··· Materials provided ···
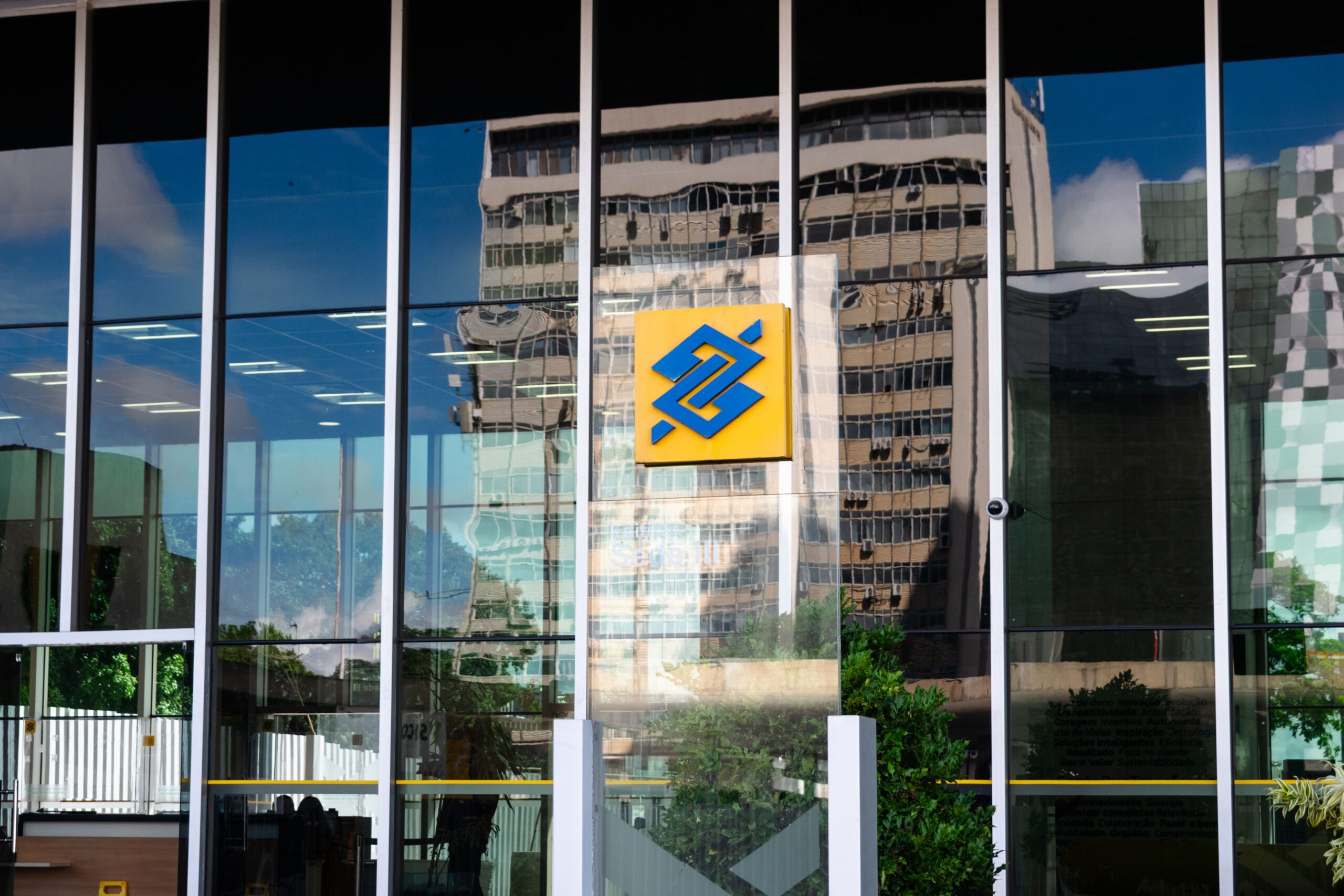 Modern building exterior in Brasília, Brazil, featuring reflective glass and iconic Banco logo.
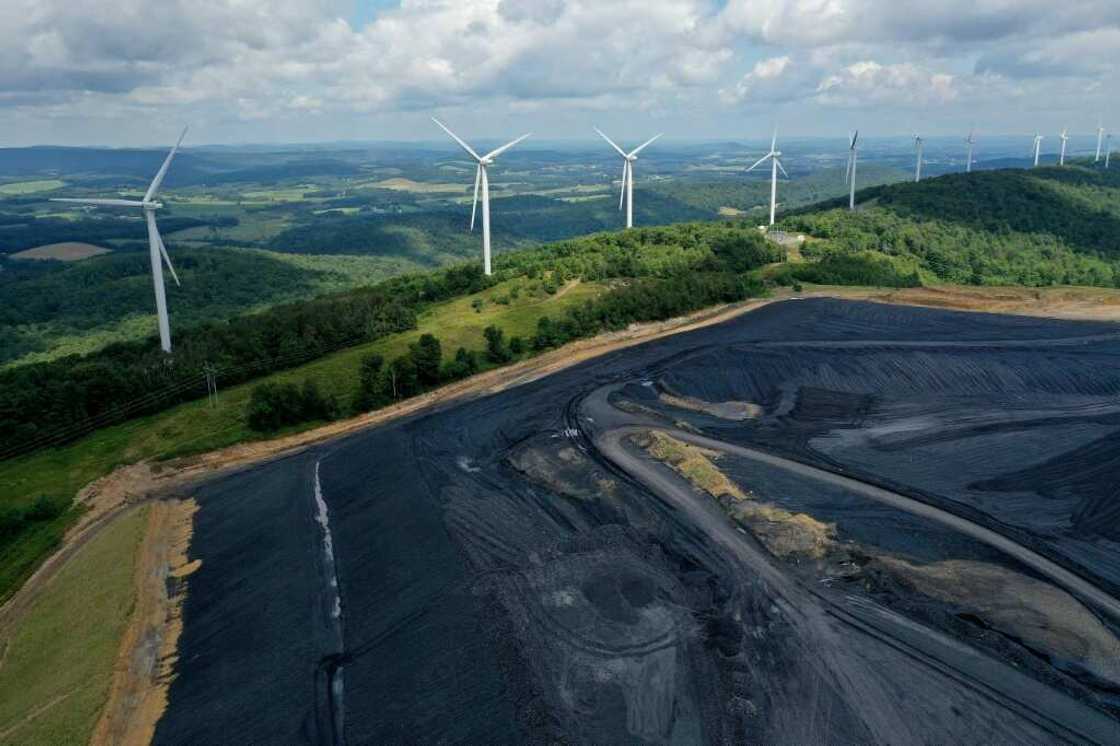 A wind farm overlooks a coal-treatment facility in Oakland, Maryland A wind farm overlooks a coal-treatment facility in Oakland, Maryland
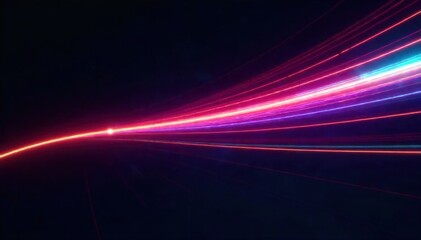 Abstract light trails creating a sense of speed, technology, and futuristic movement. Abstract image featuring vibrant, multi colored light trails streaking across a dark, almost black background,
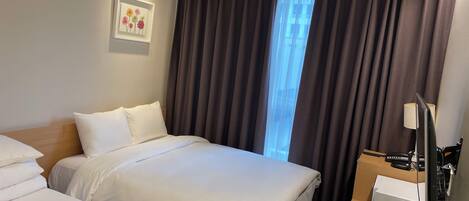 A hotel room with two beds, a desk with a lamp, a chair, and a window with curtains.
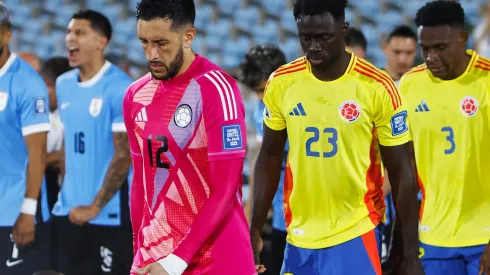 Camilo Vargas and Davinson Sanchez of Colombia enter the pitch prior to the South American Qualifier match between Uruguay and Colombia at Centenario Stadium on November 15, 2024 in Montevideo, Uruguay.  (Photo by Ernesto Ryan/Getty Images)
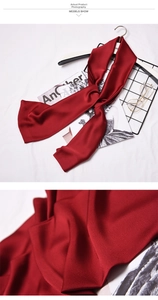Detailed macro view of deep red satin silk scarf showing fine fabric texture and high luster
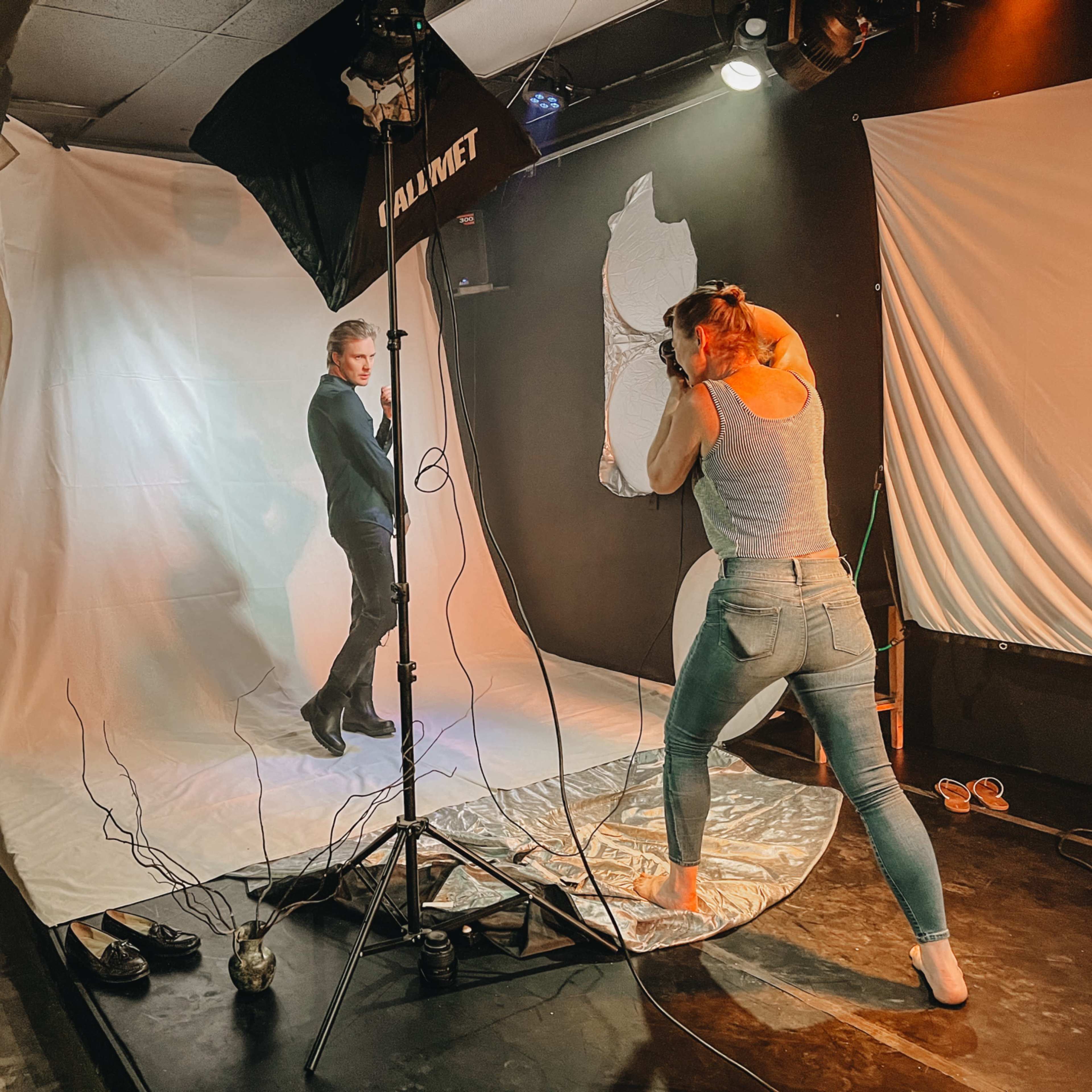 A photographer captures a model posing against a plain backdrop in a studio setting, with lighting equipment and props arranged around them.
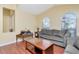 Comfortable living room with hardwood floors and large windows, ideal for relaxing and entertaining guests at 30445 Tremont Dr, Wesley Chapel, FL 33543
···
- [What you have to do]: A clean copy is needed of the lines above from the one with "Camilo Vargas and" up to and including the one with "A photographer captures". Please set it down exactly, with no pictures.

- [Response to this task]:
 Camilo Vargas and Davinson Sanchez of Colombia enter the pitch prior to the South American Qualifier match between Uruguay and Colombia at Centenario Stadium on November 15, 2024 in Montevideo, Uruguay.  (Photo by Ernesto Ryan/Getty Images)
Detailed macro view of deep red satin silk scarf showing fine fabric texture and high luster
 A photographer captures a model posing against a plain backdrop in a studio setting, with lighting equipment and props arranged around them.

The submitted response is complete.